▶ [WHAT IS BEING ASKED] Give an exact copy of the line that has "Bookcover of Farouk of Egypt" and of every line below it, through the last, with nothing else.

▶ [PROVIDED DATA]
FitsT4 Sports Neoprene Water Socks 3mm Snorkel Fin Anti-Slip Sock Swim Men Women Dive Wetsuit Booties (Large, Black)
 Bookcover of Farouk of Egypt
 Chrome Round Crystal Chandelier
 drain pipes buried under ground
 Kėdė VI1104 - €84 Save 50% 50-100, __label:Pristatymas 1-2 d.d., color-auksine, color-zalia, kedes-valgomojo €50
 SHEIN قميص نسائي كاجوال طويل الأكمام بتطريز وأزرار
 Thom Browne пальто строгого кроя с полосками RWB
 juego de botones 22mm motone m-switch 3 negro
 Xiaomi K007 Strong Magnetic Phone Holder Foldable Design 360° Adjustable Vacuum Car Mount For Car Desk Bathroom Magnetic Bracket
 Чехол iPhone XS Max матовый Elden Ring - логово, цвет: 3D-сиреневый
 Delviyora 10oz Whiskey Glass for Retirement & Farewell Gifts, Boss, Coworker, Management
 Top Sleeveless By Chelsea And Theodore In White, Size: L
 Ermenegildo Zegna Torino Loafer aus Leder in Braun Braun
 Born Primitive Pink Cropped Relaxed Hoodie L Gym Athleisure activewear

▶ [TASK OUTPUT]
 Bookcover of Farouk of Egypt
 Chrome Round Crystal Chandelier
 drain pipes buried under ground
 Kėdė VI1104 - €84 Save 50% 50-100, __label:Pristatymas 1-2 d.d., color-auksine, color-zalia, kedes-valgomojo €50
 SHEIN قميص نسائي كاجوال طويل الأكمام بتطريز وأزرار
 Thom Browne пальто строгого кроя с полосками RWB
 juego de botones 22mm motone m-switch 3 negro
 Xiaomi K007 Strong Magnetic Phone Holder Foldable Design 360° Adjustable Vacuum Car Mount For Car Desk Bathroom Magnetic Bracket
 Чехол iPhone XS Max матовый Elden Ring - логово, цвет: 3D-сиреневый
 Delviyora 10oz Whiskey Glass for Retirement & Farewell Gifts, Boss, Coworker, Management
 Top Sleeveless By Chelsea And Theodore In White, Size: L
 Ermenegildo Zegna Torino Loafer aus Leder in Braun Braun
 Born Primitive Pink Cropped Relaxed Hoodie L Gym Athleisure activewear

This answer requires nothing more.